Ancak tüm bunlar milyarlarca yıl sonra gerçekleşecek. O zamana kadar insanlık Ay'ı uzayda kolonizasyon için ilk potansiyel nesne olarak görüyordu. Ancak “ay keşfi” ile tam olarak ne kastedilmektedir? Şimdi yakın geleceğe birlikte bakacağız.

Pek çok kişi uzay kolonizasyonunun Dünya'nın Yeni Çağ kolonizasyonuna benzer olduğunu düşünüyor; değerli kaynakların bulunması, çıkarılması ve daha sonra eve geri getirilmesi. Ancak bu uzay için geçerli değil - önümüzdeki birkaç yüz yıl içinde en yakın asteroitten bile bir kilogram altın çıkarmak, onu en karmaşık ve tehlikeli madenlerden çıkarmaktan daha pahalıya mal olacak. Ayrıca, Ay'ın yakın gelecekte "Dünya'nın yazlık sektörü" olarak hareket etmesi pek olası değil - orada büyük miktarda değerli kaynak yatakları olmasına rağmen, orada yiyecek yetiştirmek zor olacak.

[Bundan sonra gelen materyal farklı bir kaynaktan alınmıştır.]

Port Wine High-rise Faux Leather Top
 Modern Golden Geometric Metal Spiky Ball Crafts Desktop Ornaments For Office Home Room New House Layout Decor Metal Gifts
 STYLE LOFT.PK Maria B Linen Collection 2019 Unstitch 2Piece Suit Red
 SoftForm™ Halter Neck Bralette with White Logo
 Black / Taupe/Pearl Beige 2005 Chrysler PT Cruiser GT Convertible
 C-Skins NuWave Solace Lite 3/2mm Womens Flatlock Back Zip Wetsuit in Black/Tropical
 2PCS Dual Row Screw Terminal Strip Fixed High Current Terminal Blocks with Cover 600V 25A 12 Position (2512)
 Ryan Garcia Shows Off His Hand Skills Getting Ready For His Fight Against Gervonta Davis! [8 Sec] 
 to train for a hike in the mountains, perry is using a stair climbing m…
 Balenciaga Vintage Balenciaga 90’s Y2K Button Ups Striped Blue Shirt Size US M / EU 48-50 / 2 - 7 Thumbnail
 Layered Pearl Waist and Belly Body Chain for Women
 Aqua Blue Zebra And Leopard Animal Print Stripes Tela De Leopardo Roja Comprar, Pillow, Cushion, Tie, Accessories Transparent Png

Ancak uydumuz, örneğin Mars gibi gelecek vaat eden yönlerde daha fazla uzay araştırması için bir üs haline gelebilir. Bugün astronotikteki temel sorun, uzay aracının ağırlığına ilişkin kısıtlamalardır. Fırlatmak için tonlarca yakıt gerektiren devasa yapılar inşa etmeniz gerekiyor; sonuçta yalnızca Dünyanın yerçekiminin değil, aynı zamanda atmosferin de üstesinden gelmeniz gerekiyor! Ve eğer bu gezegenler arası bir gemiyse, o zaman ona da yakıt ikmali yapılması gerekiyor. Bu, tasarımcıları ciddi şekilde kısıtlıyor ve onları işlevsellik yerine ekonomiyi seçmeye zorluyor.

Ay, uzay gemileri için fırlatma rampası olarak çok daha uygundur. Atmosferin olmaması ve Ay'ın yerçekiminin üstesinden gelmek için düşük hız (Dünya'da 11,2 km/s'ye karşılık 2,38 km/s) fırlatmaları çok daha kolay hale getiriyor. Ve uydunun maden yatakları, herhangi bir aparatın kütlesinin önemli bir bölümünü kaplayan, astronotiklerin boynundaki bir taş olan yakıtın ağırlığından tasarruf etmeyi mümkün kılıyor. Ay'da roket yakıtı üretimi geliştirilseydi, Dünya'dan teslim edilen parçalardan bir araya getirilen büyük ve karmaşık uzay araçlarının fırlatılması mümkün olacaktı. Ve Ay'da montaj, alçak Dünya yörüngesine göre çok daha kolay ve çok daha güvenilir olacak.

Bugün mevcut teknolojiler bu projenin tamamen olmasa da kısmen uygulanmasını mümkün kılmaktadır. Ancak bu yönde atılacak her adım risk gerektirir. Büyük miktarlarda para yatırımı, gerekli minerallerin araştırılmasının yanı sıra gelecekteki ay üsleri için modüllerin geliştirilmesini, teslim edilmesini ve test edilmesini gerektirecektir. Ve tek başına ilk unsurların fırlatılmasının tahmini maliyeti bile bütün bir süper gücü mahvedebilir!

Dolayısıyla Ay'ın kolonileştirilmesi, bu kadar değerli birliğin sağlanması bilim adamlarının ve mühendislerin değil, tüm dünya insanlarının işidir. Çünkü insanlığın birliğinde Dünyanın gerçek gücü yatıyor.